Below is a listing; print exactly its lines from the one containing "Redka Pratik Zeka" down to the one containing "Originalni toner za Brother TN-247, moder", both inclusive, with every picture left out.
*** Input for this task ***
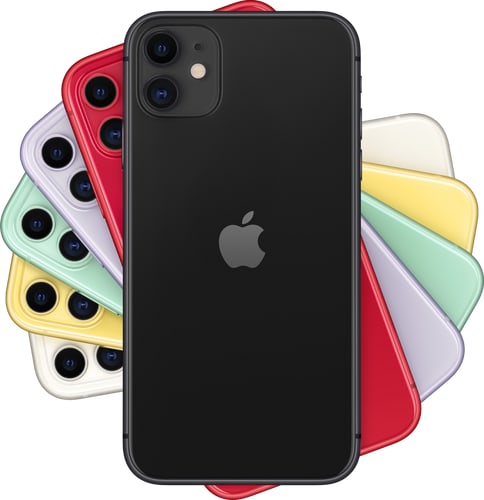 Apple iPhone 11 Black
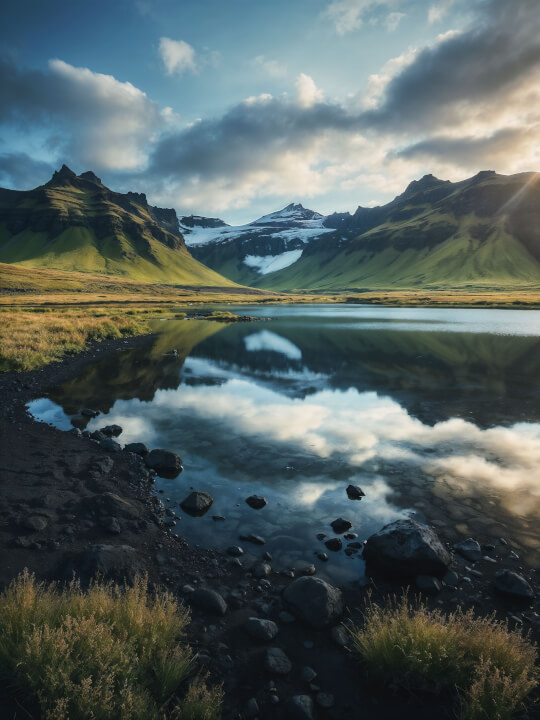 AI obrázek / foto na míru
*** End of Input for this task ***
*** Input for this task ***
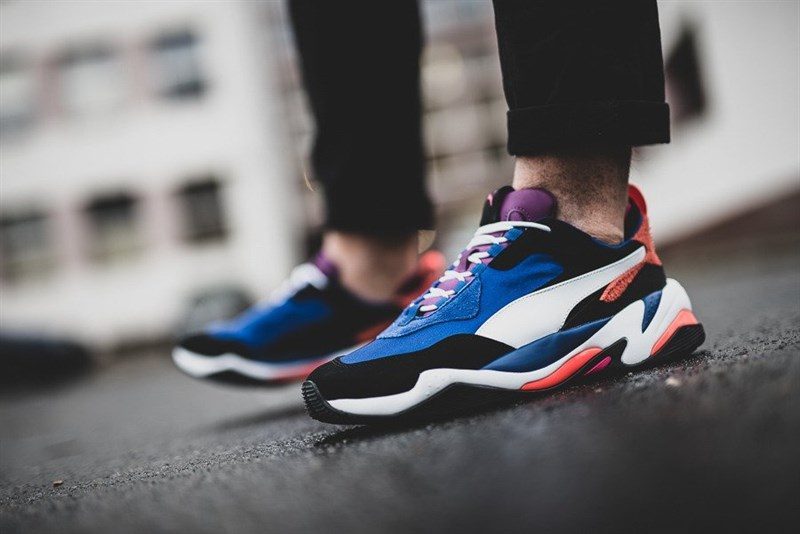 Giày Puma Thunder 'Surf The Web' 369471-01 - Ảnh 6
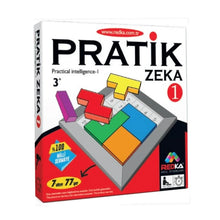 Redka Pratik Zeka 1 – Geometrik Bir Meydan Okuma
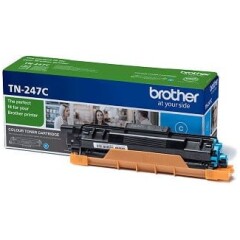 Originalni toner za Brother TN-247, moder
*** End of Input for this task ***
→ **Response for this exercise**:
 Redka Pratik Zeka 1 – Geometrik Bir Meydan Okuma
 Originalni toner za Brother TN-247, moder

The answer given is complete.